When it comes to small populations, biotechs need to think big

Originally published by Biopharmadive.com

The challenges biotechnology companies face in developing new medicines are increasingly dynamic and complex—particularly in rare disease clinical research, where patient populations for some conditions may be less than 25 people worldwide. Now, more than ever, companies need to have the right expertise in place to remain competitive and meet the unique demands of this area of research. 

Maria-Cruz Morillo is focused on helping companies “get it right” as the global therapeutic operations lead for rare diseases at the specialized Clinical Research Organization (CRO) leader, Allucent. Allucent helps bring new therapies to light by solving some of the distinct challenges faced by small and mid-sized biotech companies in the drug development journey.  

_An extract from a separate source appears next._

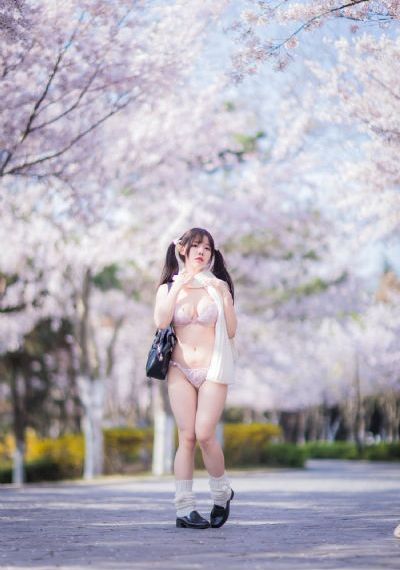 md0070沈娜娜苏清歌_高清电视剧在线观看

How did you get involved in clinical research, and what makes you passionate about this space?

I spent the first part of my career in clinical development at biotechnology and pharmaceutical companies, and the last 15 years working in the CRO setting. I’ve seen in my own family how difficult facing a rare disease can be, and the possibility to deliver hope to people in such a vulnerable position is so rewarding. Working in drug development for rare diseases is so exciting because we have opportunities to bring new medicines to patients who currently have limited or no treatment options. 

What do companies need to consider when designing a rare disease clinical trial to be truly patient-centric? 

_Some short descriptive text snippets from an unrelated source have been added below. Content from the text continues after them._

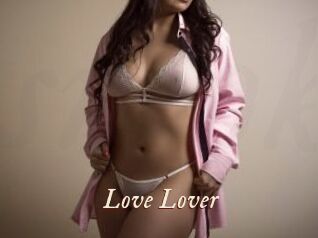 Love_Lover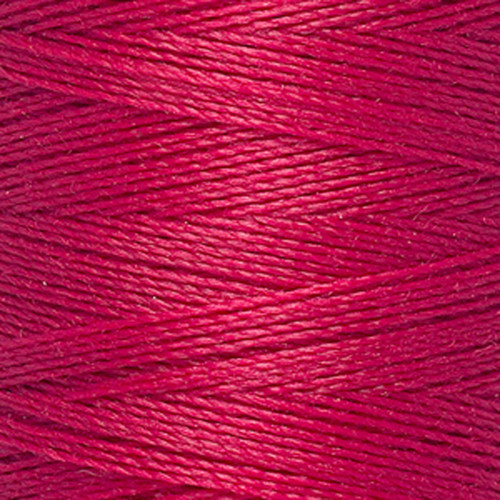 THREAD SILK 110yd 30wt 909 BOX OF 3 EA
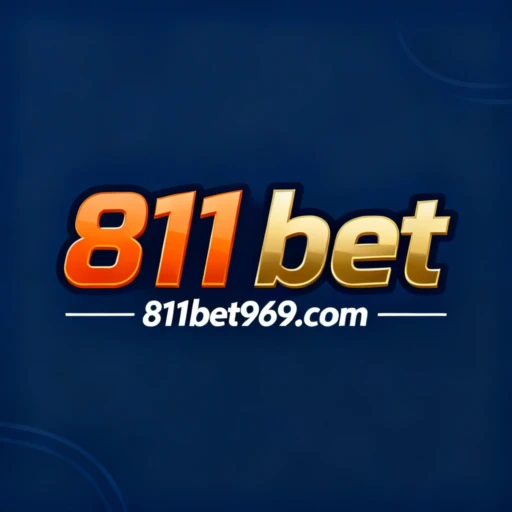 811 bet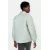 Куртка TRENDYOLMILLA, Цвет: Зеленый, Размер: M, изображение 5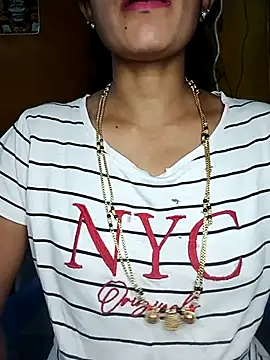 Deepa telugu online show from November 15, 5:05 am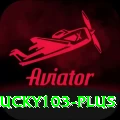 lucky103 Deluxe Pro v5.9.1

Rare disease research needs to address three key challenges: the difficulty of identifying the patients, accommodating their specific needs and lessening their burden to participate. Close collaboration with patients, advocates and families on these topics is critical—we need their voices. 

If there can only be a very small number of clinical trial sites, we need to consider if the people in our trial are able to travel. What accommodations are needed? Minimizing the number of visits to the clinical site by contracting home nurse services for capturing certain data, or using remote monitoring of patient data such as through a wearable device, may help. 

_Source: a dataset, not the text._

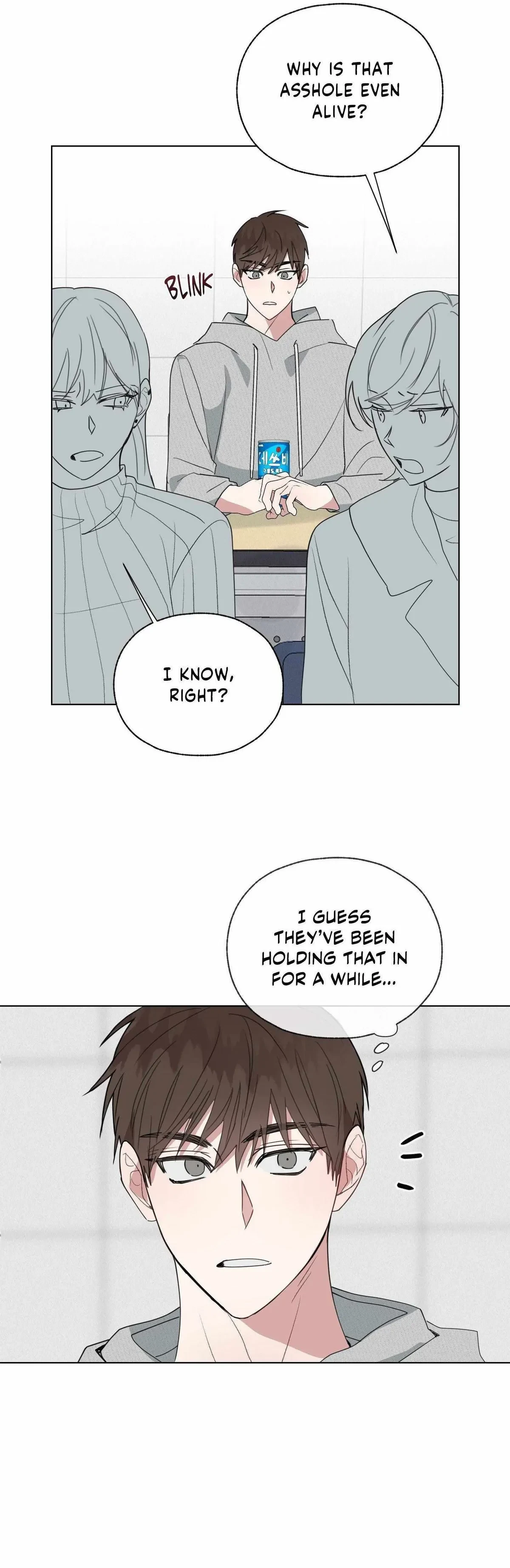 Chapter 7, page 15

Another important factor is how trial measurement criteria are defined. These should include not only the presence of certain biomarkers but also measures that are meaningful to the patients and their families, such as whether their loved one can now walk or read. 

What should biotech companies look for in a partner or a team helping with clinical trial design and execution in rare diseases? 

Specific expertise and a tailored approach are needed. Many of our regulatory and biometrics consultants previously worked for global regulatory authorities and understand exactly what will be required during the journey to approval. Technical data management staff are experienced in analyzing patient-reported outcomes and smaller, complex data sets. 

With deep knowledge and experience to “go big” in thinking of the small details, the right plan can be developed to address complex challenges and guide the way from strategy through approval. We focus on tailored solutions, flexibility and patient-centricity, including a dedicated decentralized clinical trial approach called Patient Direct that incorporates real-world data collection, remote monitoring and other technologies to broaden our reach and make participation easier for patients and their families. 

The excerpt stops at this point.